Skip to content

Run this notebook online:Binder

Inference with your model

This is the third and final tutorial of our beginner tutorial series that will take you through creating, training, and running inference on a neural network. In this tutorial, you will learn how to execute your image classification model for a production system.

In the previous tutorial, you successfully trained your model. Now, we will learn how to implement a Translator to convert between POJO and NDArray as well as a Predictor to run inference.

Preparation

This tutorial requires the installation of the Java Jupyter Kernel. To install the kernel, see the Jupyter README.

// Add the snapshot repository to get the DJL snapshot artifacts
// %mavenRepo snapshots https://oss.sonatype.org/content/repositories/snapshots/

// Add the maven dependencies
%maven ai.djl:api:0.28.0
%maven ai.djl:model-zoo:0.28.0
%maven ai.djl.mxnet:mxnet-engine:0.28.0
%maven ai.djl.mxnet:mxnet-model-zoo:0.28.0
%maven org.slf4j:slf4j-simple:1.7.36
import java.awt.image.*;
import java.nio.file.*;
import java.util.*;
import java.util.stream.*;
import ai.djl.*;
import ai.djl.basicmodelzoo.basic.*;
import ai.djl.ndarray.*;
import ai.djl.modality.*;
import ai.djl.modality.cv.*;
import ai.djl.modality.cv.util.NDImageUtils;
import ai.djl.translate.*;

Step 1: Load your handwritten digit image

We will start by loading the image that we want to run our model to classify.
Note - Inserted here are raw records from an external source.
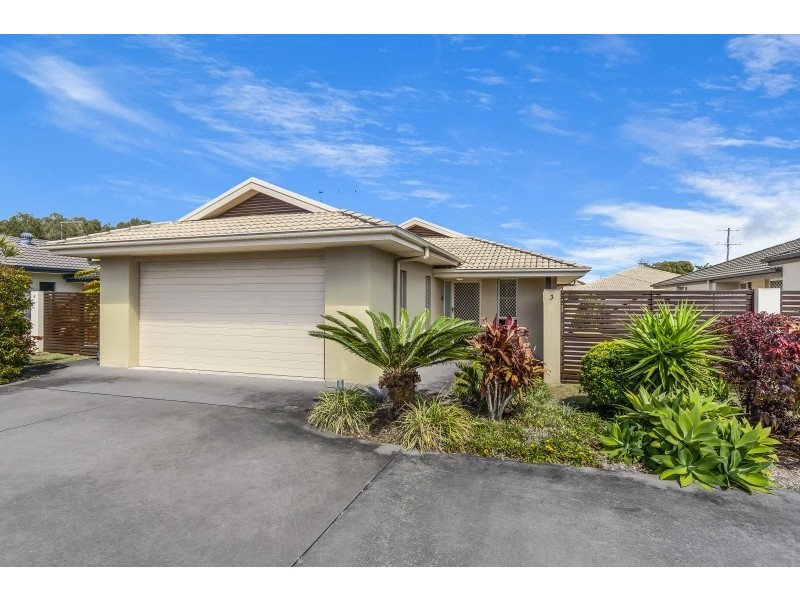 3/4 Somerset Place, Yamba NSW 2464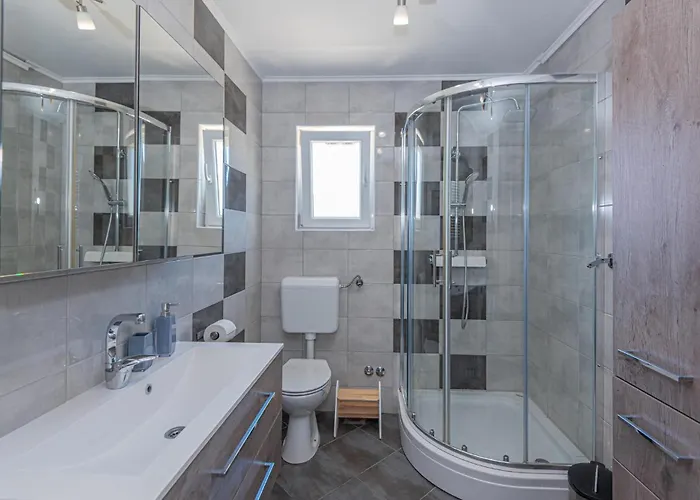 Four-bedroom In Vakantiehuis *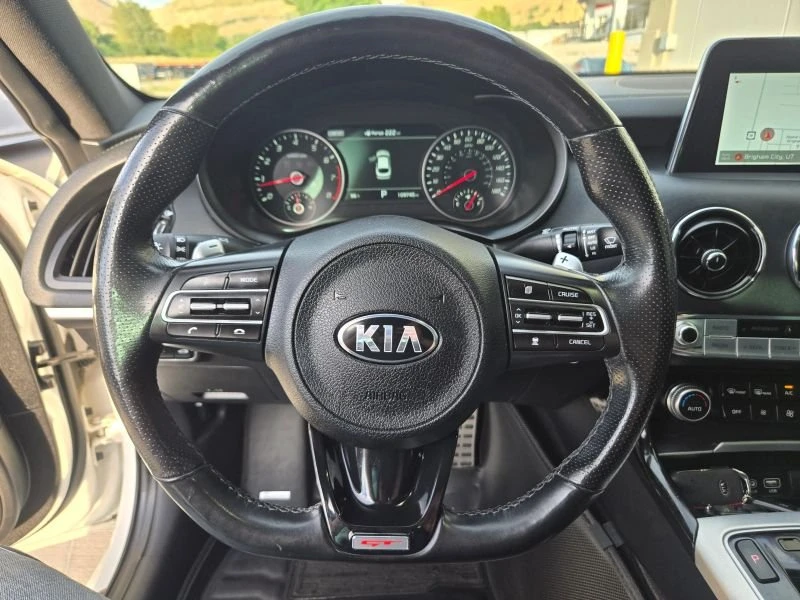 2018 Kia Stinger - Image 7 of 20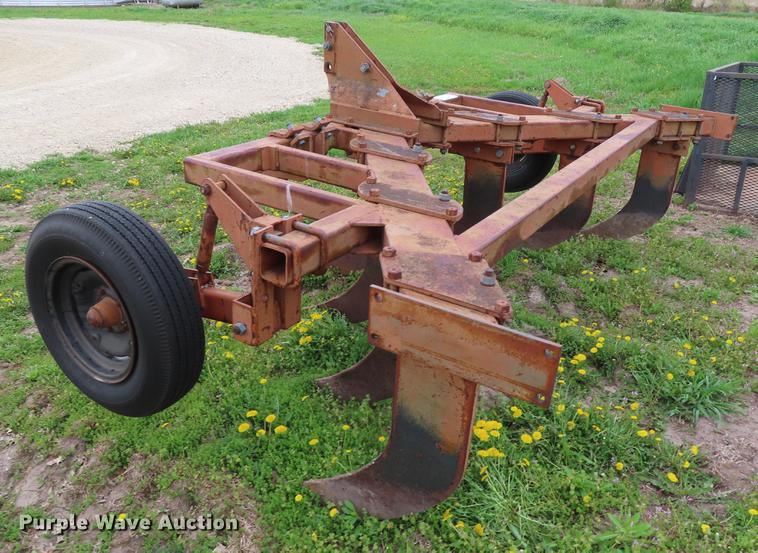Johnson V-ripper in Frankfort, KS | Item DE3455 sold | Purple Wave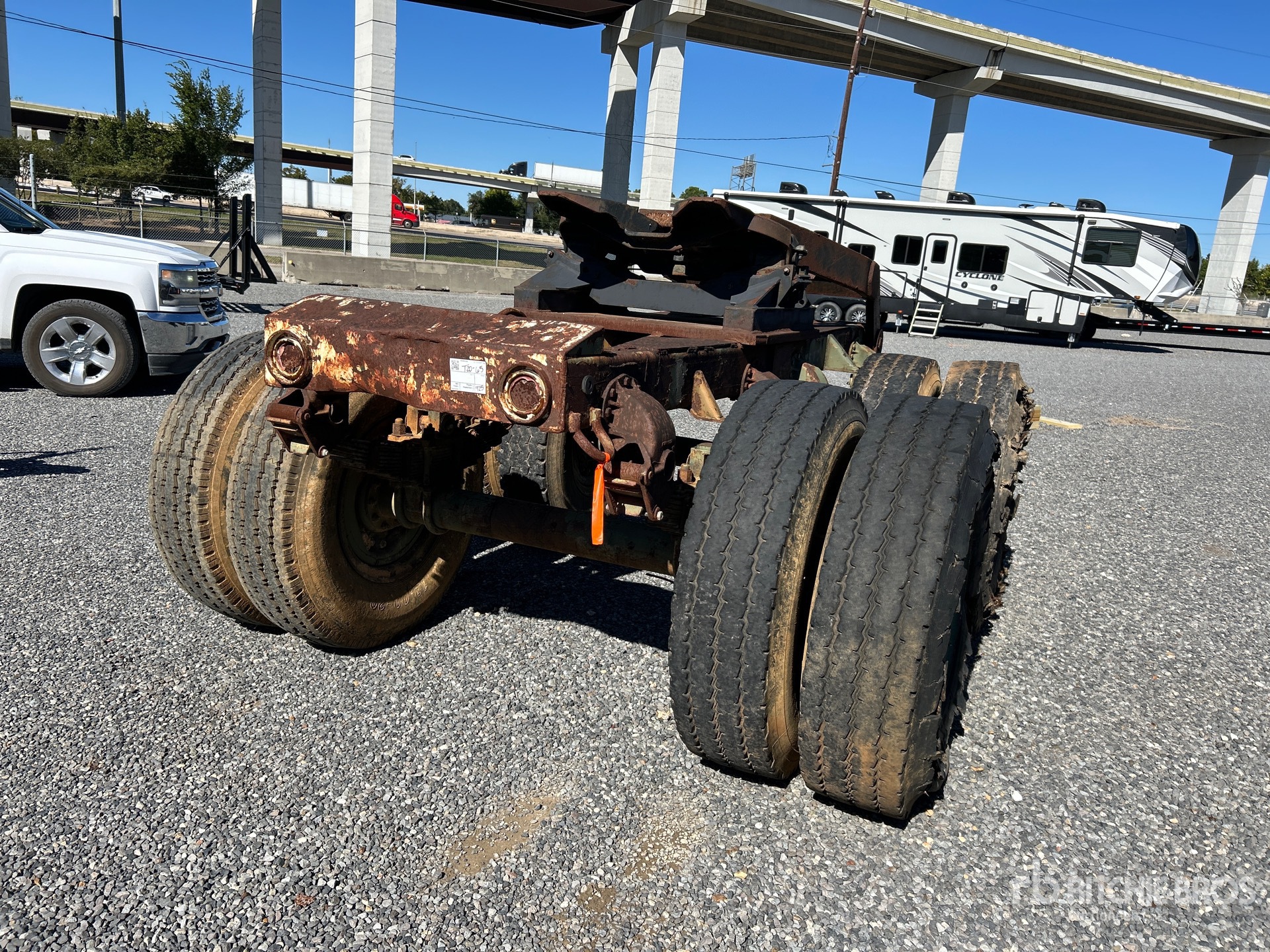 General Appearance with Bild, Ecke hinten rechts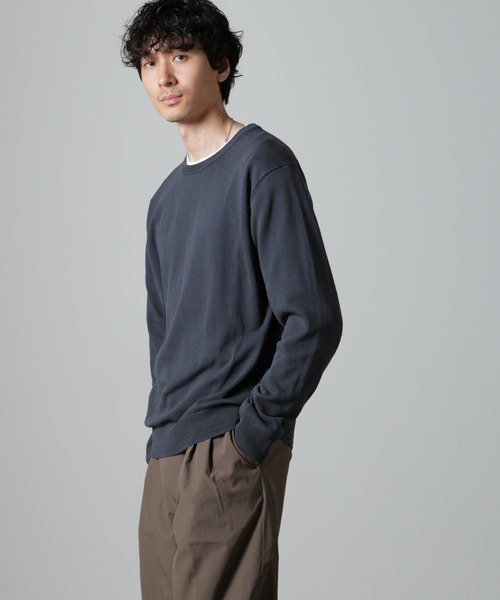 NANO universe（ナノユニバース）の「SOLOTEX(R)14Gゲージコットンクルーネックニット(手洗い可能)（ニット/セーター・メンズ・ベージュ/ブルーグレー/ブラック・M/S/L）」の2枚目の写真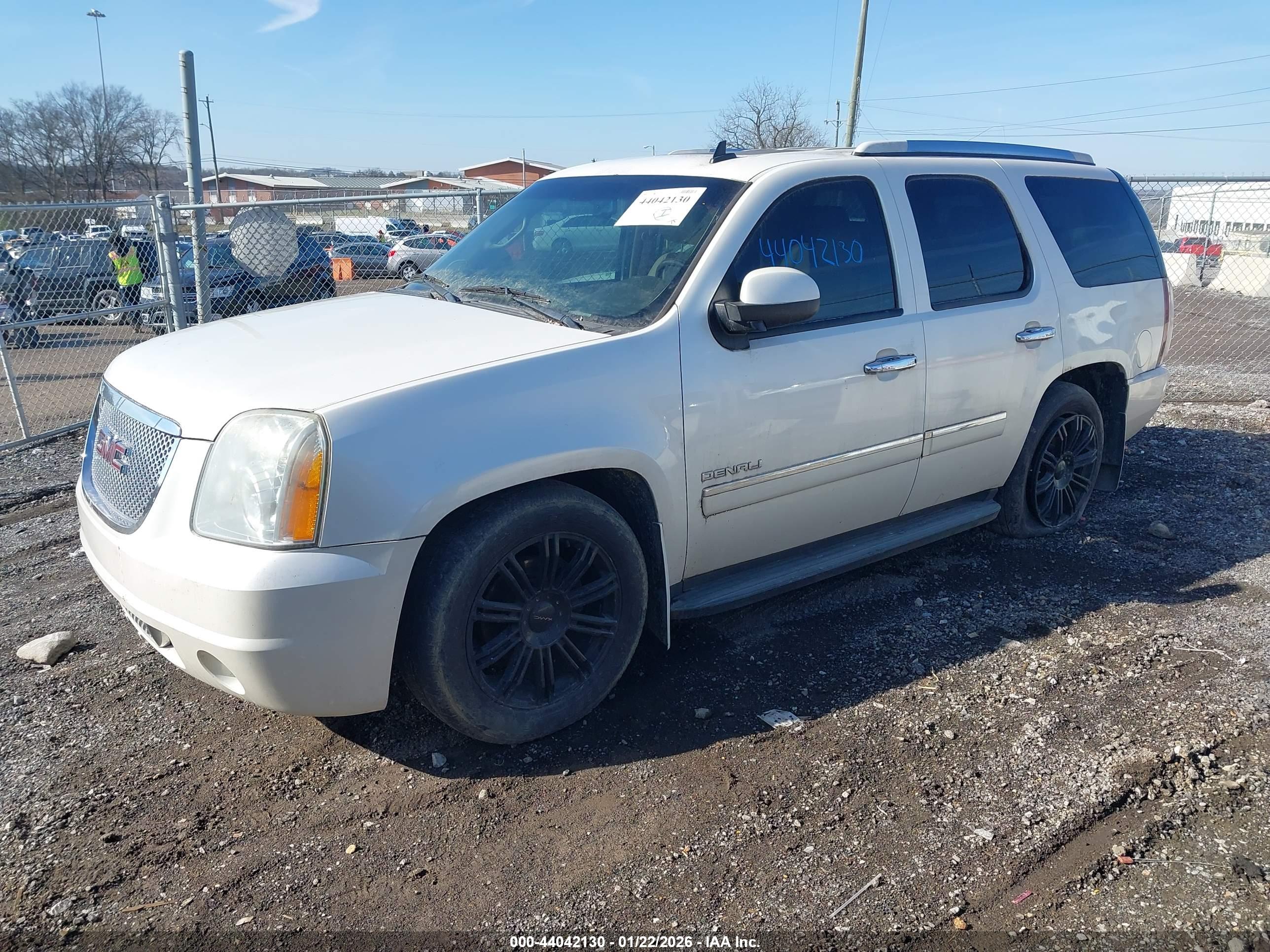 GMC YUKON image 2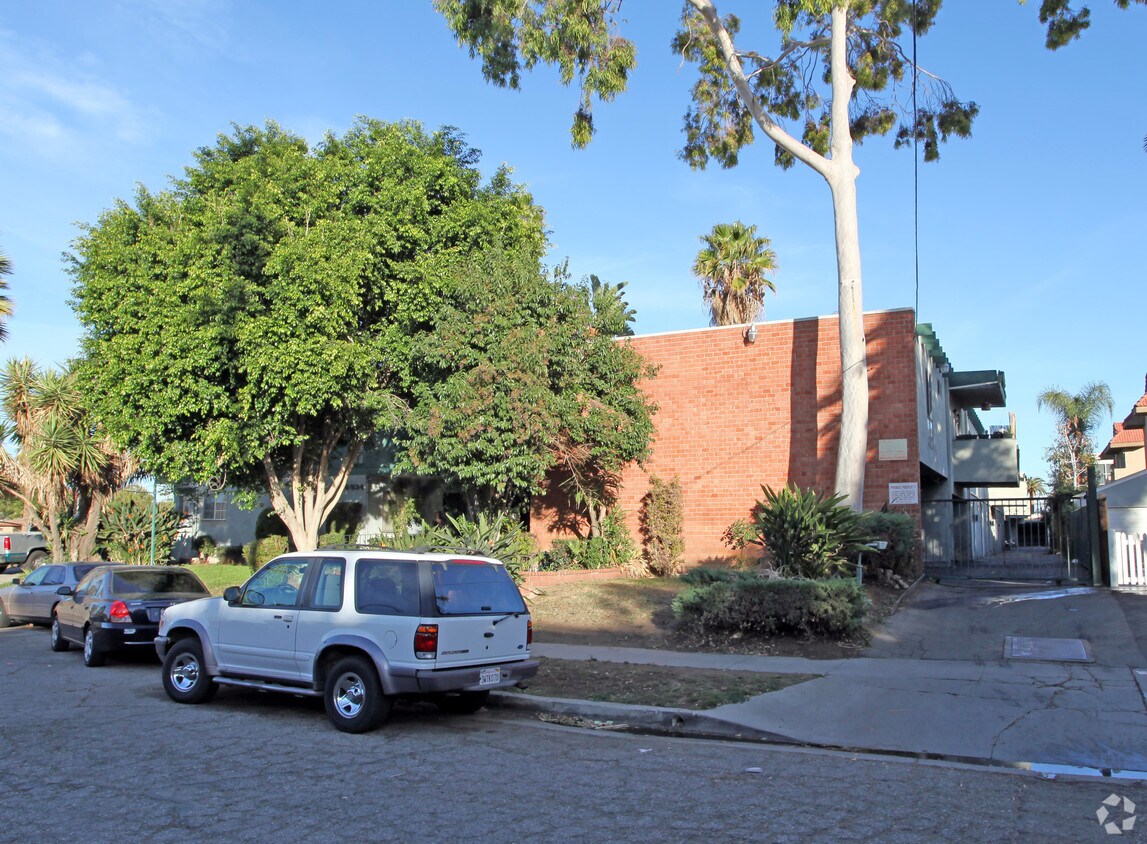 Primary Photo - 6834 Variel Ave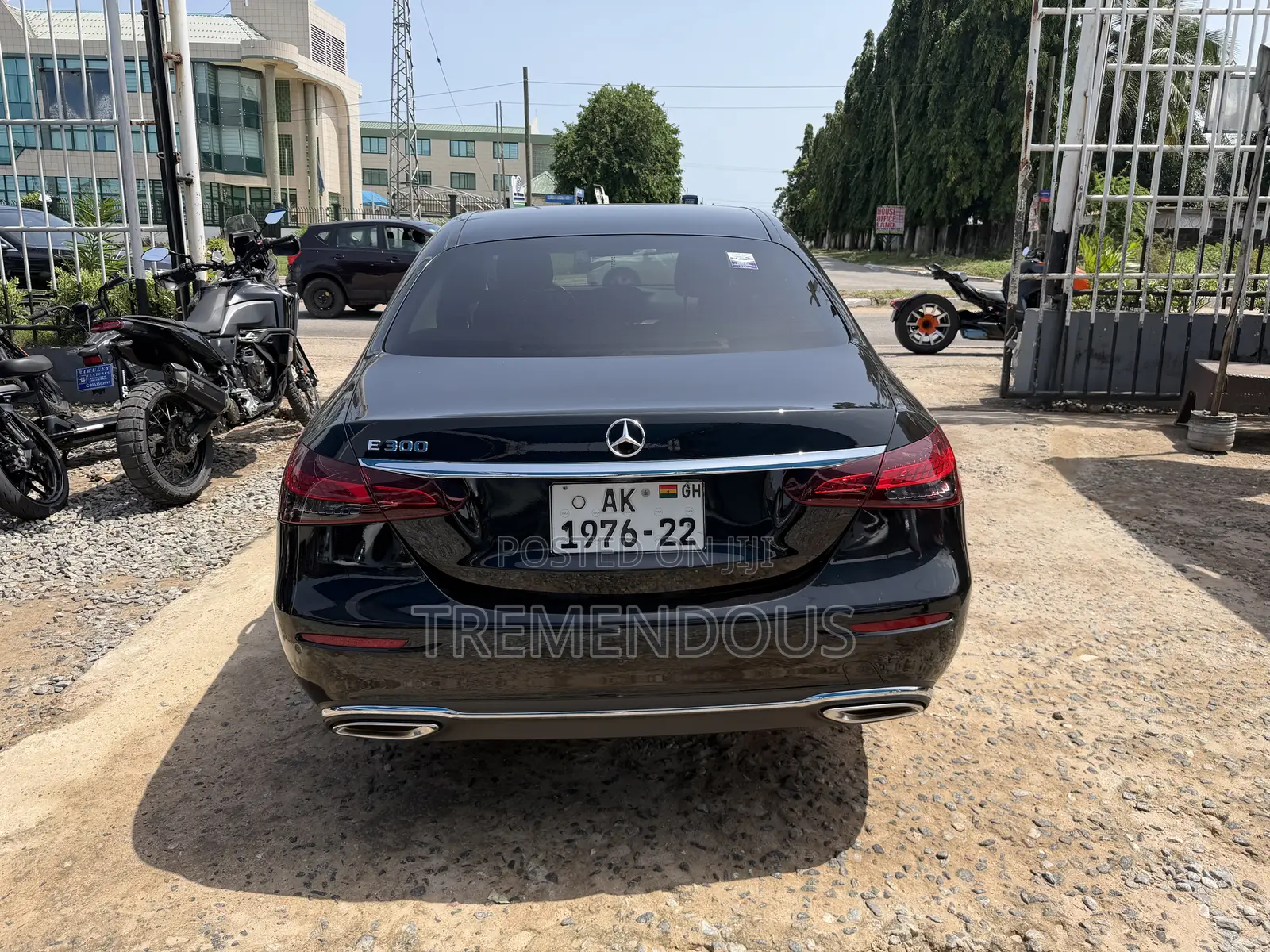 Mercedes-Benz E300 2022 Black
var img = ImageFactory.getInstance().fromUrl("https://resources.djl.ai/images/0.png");
img.getWrappedImage();
No description has been provided for this image

Step 2: Load your model

Next, we need to load the model to run inference with. This model should have been saved to the build/mlp directory when running the previous tutorial.

Path modelDir = Paths.get("build/mlp");
Model model = Model.newInstance("mlp");
model.setBlock(new Mlp(28 * 28, 10, new int[] {128, 64}));
model.load(modelDir);

In addition to loading a local model, you can also find pretrained models within our model zoo. See more options in our model loading documentation.

Step 3: Create a Translator

The Translator is used to encapsulate the pre-processing and post-processing functionality of your application. The input to the processInput and processOutput should be single data items, not batches.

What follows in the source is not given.